The response should be an exact transcription of the data below, free of images.

Records supplied —
━━━━━━━━━━━━━━━━
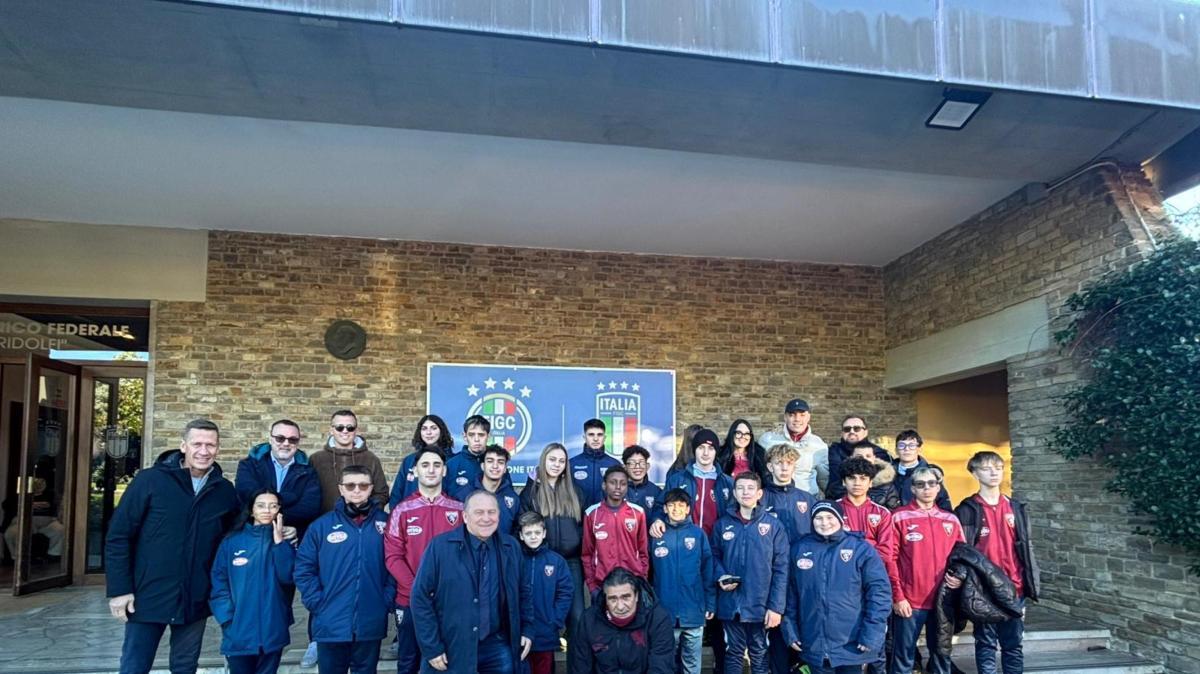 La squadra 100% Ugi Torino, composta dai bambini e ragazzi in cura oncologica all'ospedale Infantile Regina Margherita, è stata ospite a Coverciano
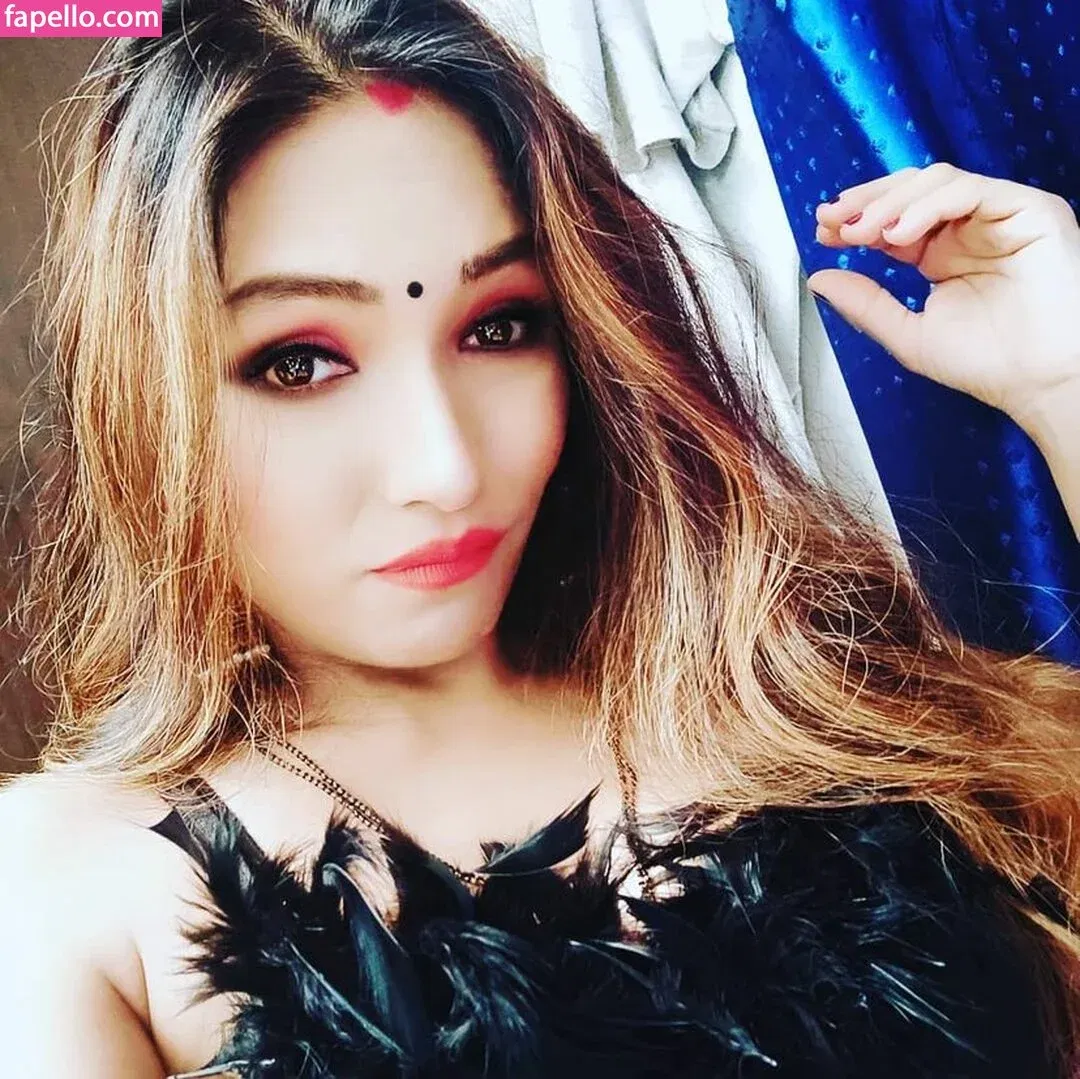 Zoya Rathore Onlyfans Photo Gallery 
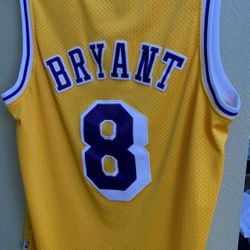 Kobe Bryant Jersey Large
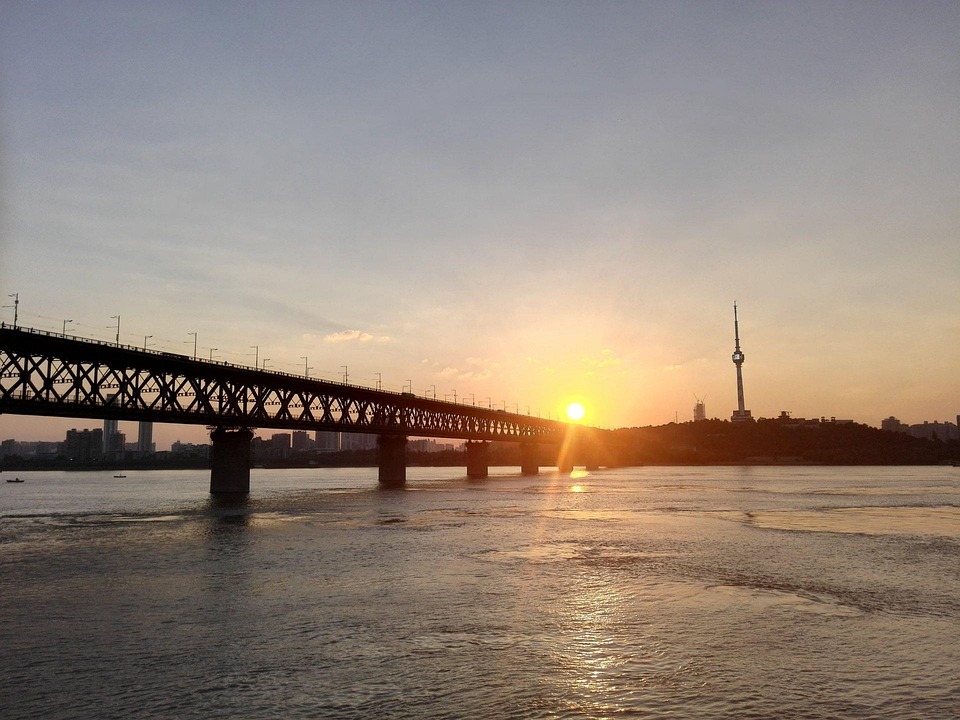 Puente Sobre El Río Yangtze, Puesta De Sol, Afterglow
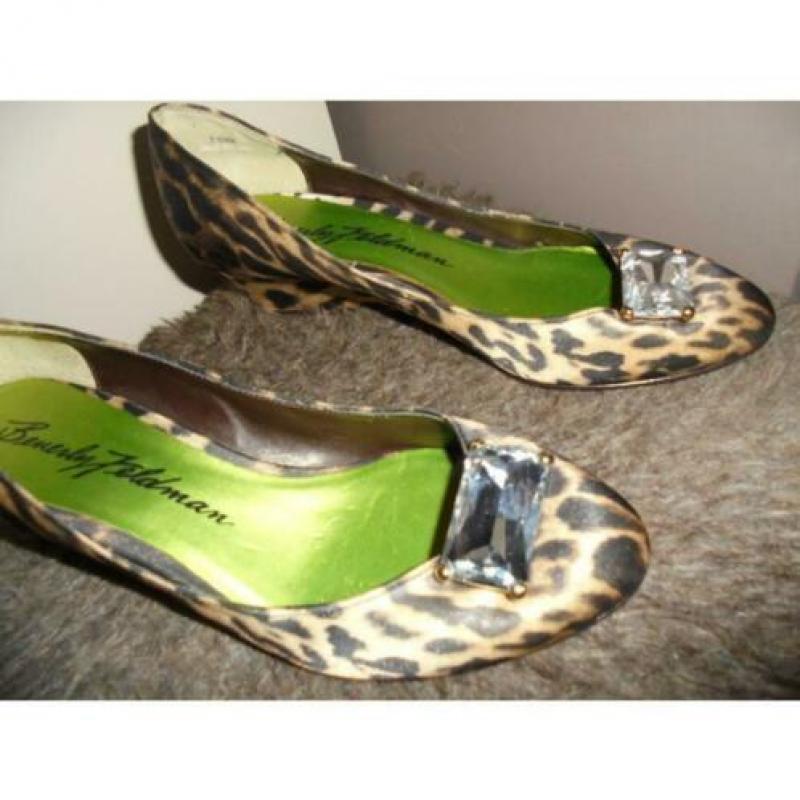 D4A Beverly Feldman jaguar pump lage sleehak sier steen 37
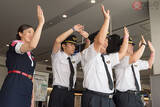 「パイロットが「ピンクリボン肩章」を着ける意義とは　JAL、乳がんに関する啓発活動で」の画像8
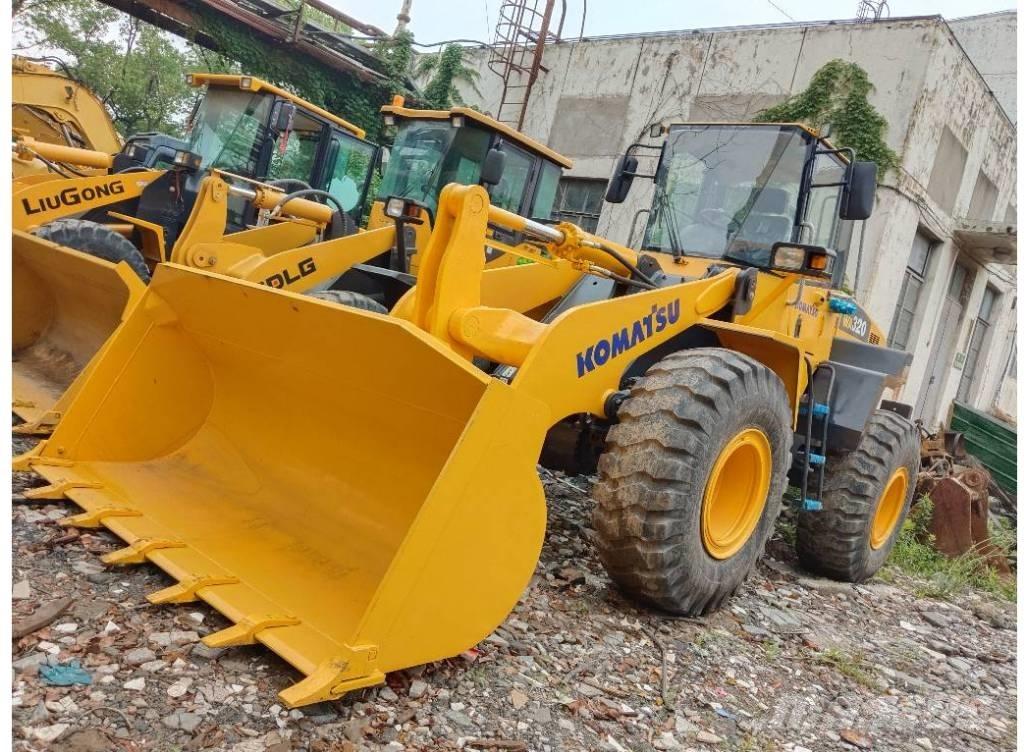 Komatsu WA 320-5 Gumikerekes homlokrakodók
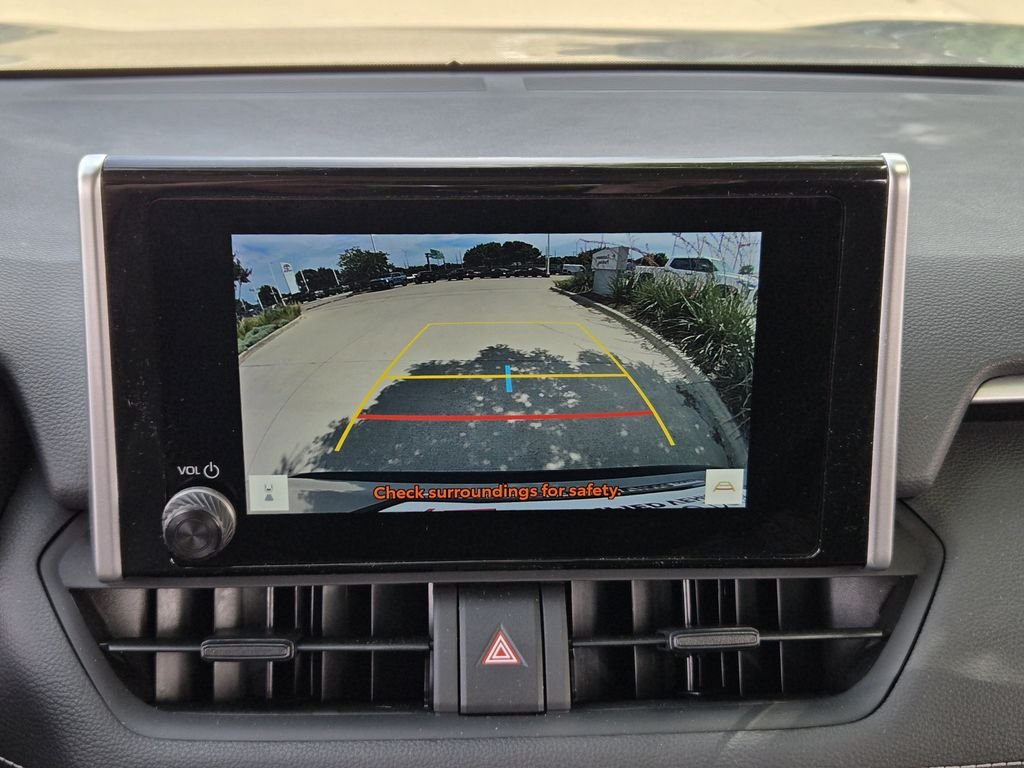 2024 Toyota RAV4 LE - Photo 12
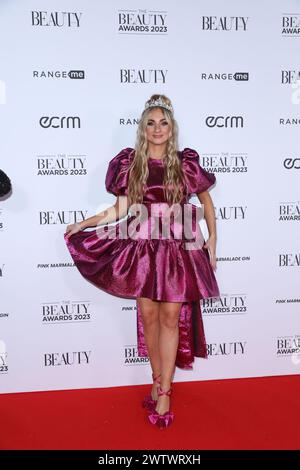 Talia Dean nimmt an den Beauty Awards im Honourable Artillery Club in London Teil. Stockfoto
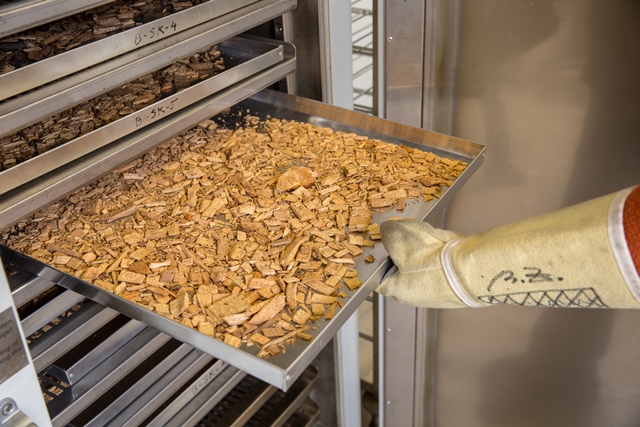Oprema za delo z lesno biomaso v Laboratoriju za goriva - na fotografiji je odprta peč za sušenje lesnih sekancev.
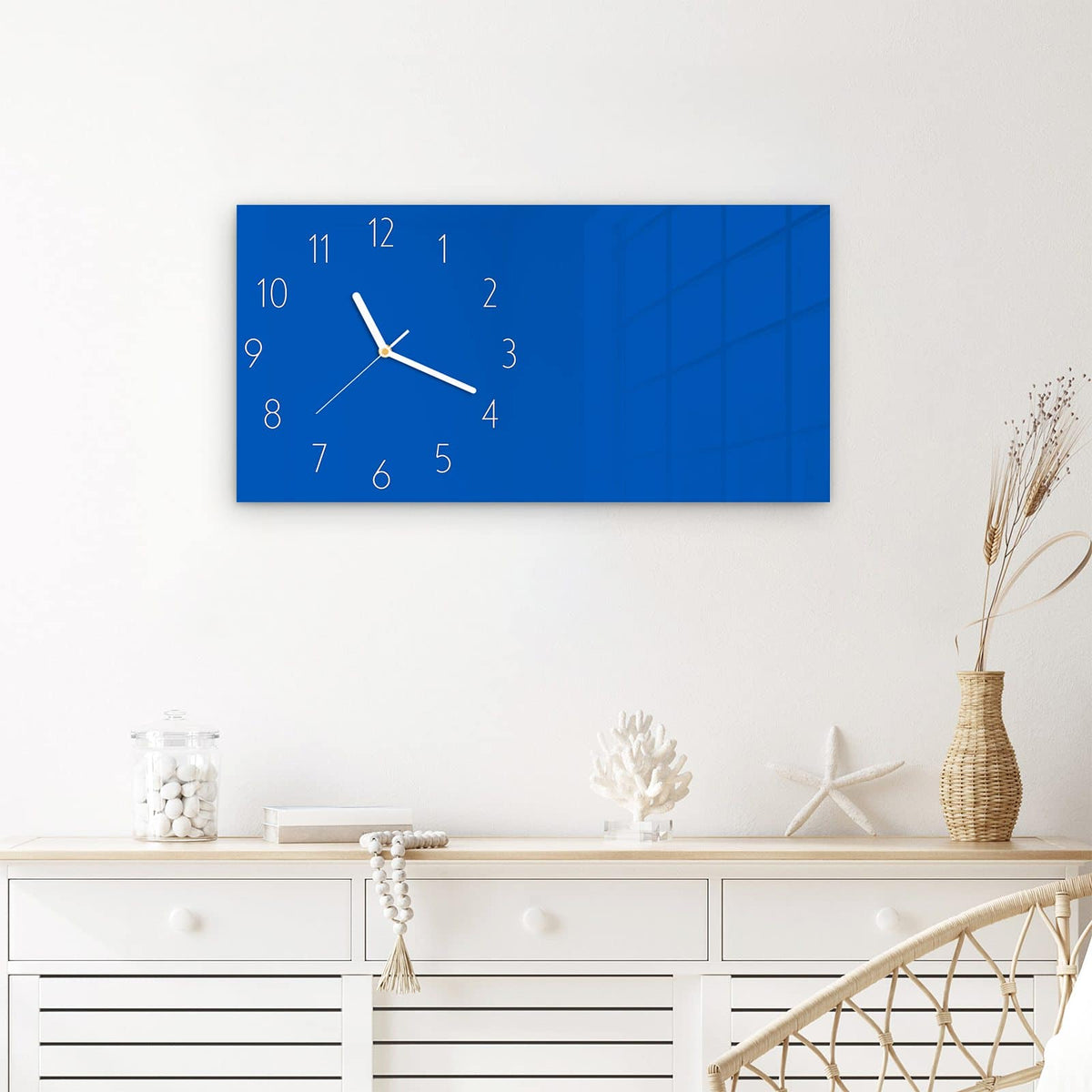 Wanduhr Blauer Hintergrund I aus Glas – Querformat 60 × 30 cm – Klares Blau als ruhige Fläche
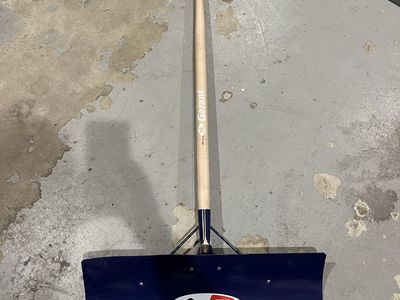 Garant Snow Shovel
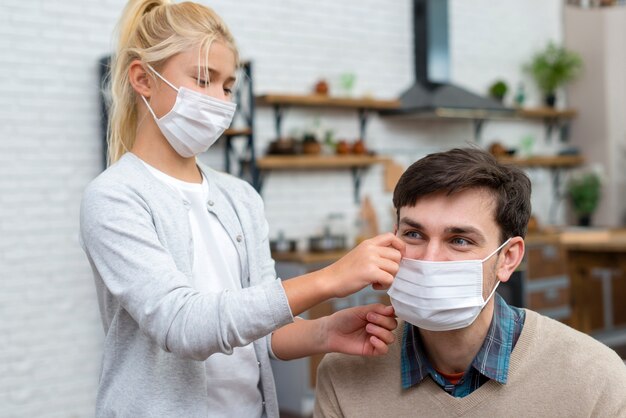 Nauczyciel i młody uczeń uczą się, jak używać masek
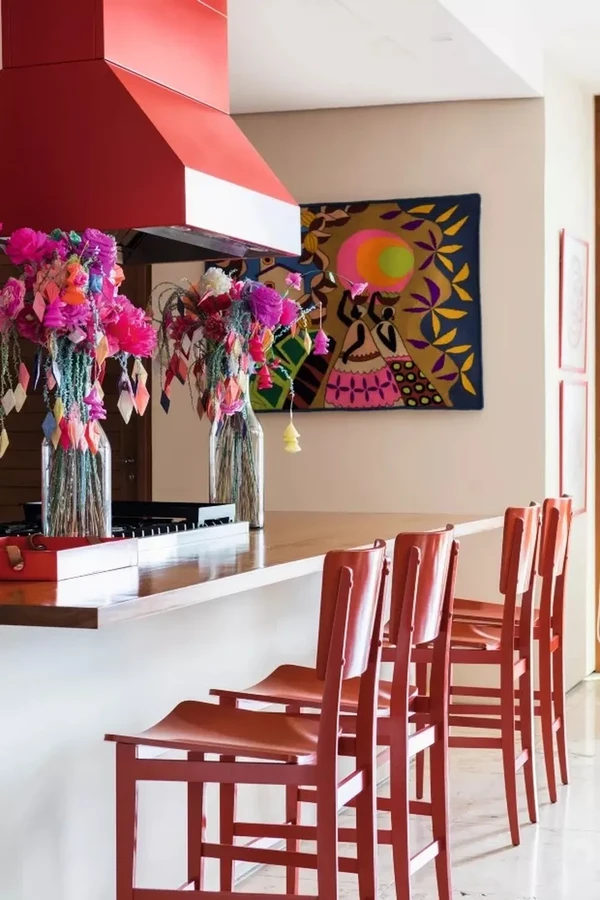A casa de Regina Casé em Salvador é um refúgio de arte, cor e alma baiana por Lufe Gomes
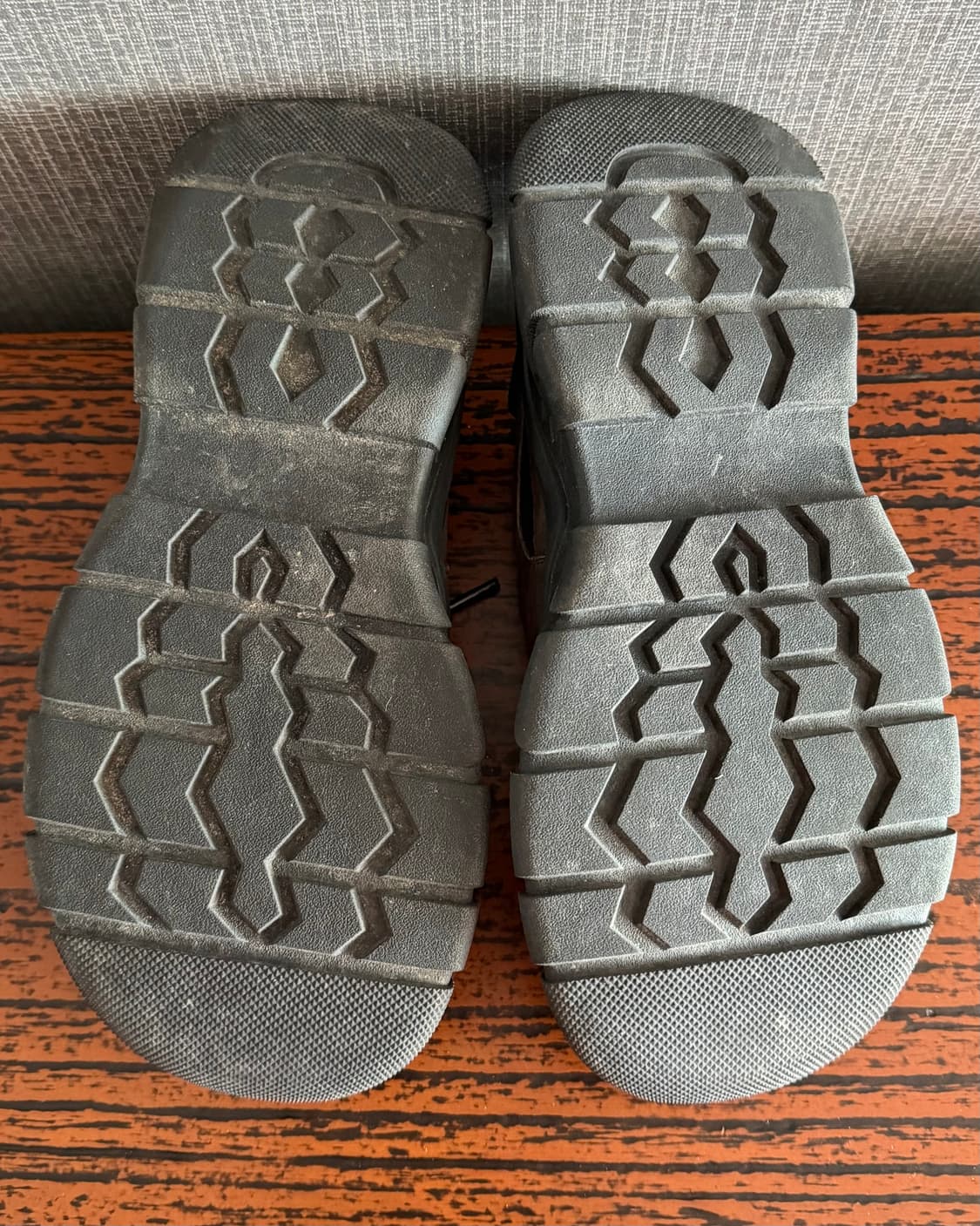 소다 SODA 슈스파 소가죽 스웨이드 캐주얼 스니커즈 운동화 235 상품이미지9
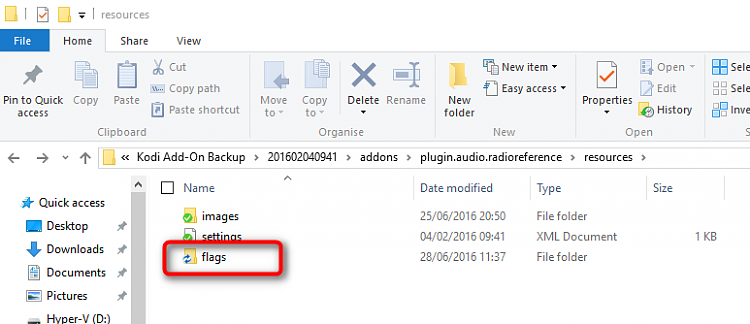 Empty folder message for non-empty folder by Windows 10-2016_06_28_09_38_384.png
━━━━━━━━━━━━━━━━
Solution to the exercise —
 La squadra 100% Ugi Torino, composta dai bambini e ragazzi in cura oncologica all'ospedale Infantile Regina Margherita, è stata ospite a Coverciano
 Zoya Rathore Onlyfans Photo Gallery 
 Kobe Bryant Jersey Large
 Puente Sobre El Río Yangtze, Puesta De Sol, Afterglow
 D4A Beverly Feldman jaguar pump lage sleehak sier steen 37
 「パイロットが「ピンクリボン肩章」を着ける意義とは　JAL、乳がんに関する啓発活動で」の画像8
 Komatsu WA 320-5 Gumikerekes homlokrakodók
 2024 Toyota RAV4 LE - Photo 12
 Talia Dean nimmt an den Beauty Awards im Honourable Artillery Club in London Teil. Stockfoto
Oprema za delo z lesno biomaso v Laboratoriju za goriva - na fotografiji je odprta peč za sušenje lesnih sekancev.
 Wanduhr Blauer Hintergrund I aus Glas – Querformat 60 × 30 cm – Klares Blau als ruhige Fläche
 Garant Snow Shovel
 Nauczyciel i młody uczeń uczą się, jak używać masek
A casa de Regina Casé em Salvador é um refúgio de arte, cor e alma baiana por Lufe Gomes
 소다 SODA 슈스파 소가죽 스웨이드 캐주얼 스니커즈 운동화 235 상품이미지9
 Empty folder message for non-empty folder by Windows 10-2016_06_28_09_38_384.png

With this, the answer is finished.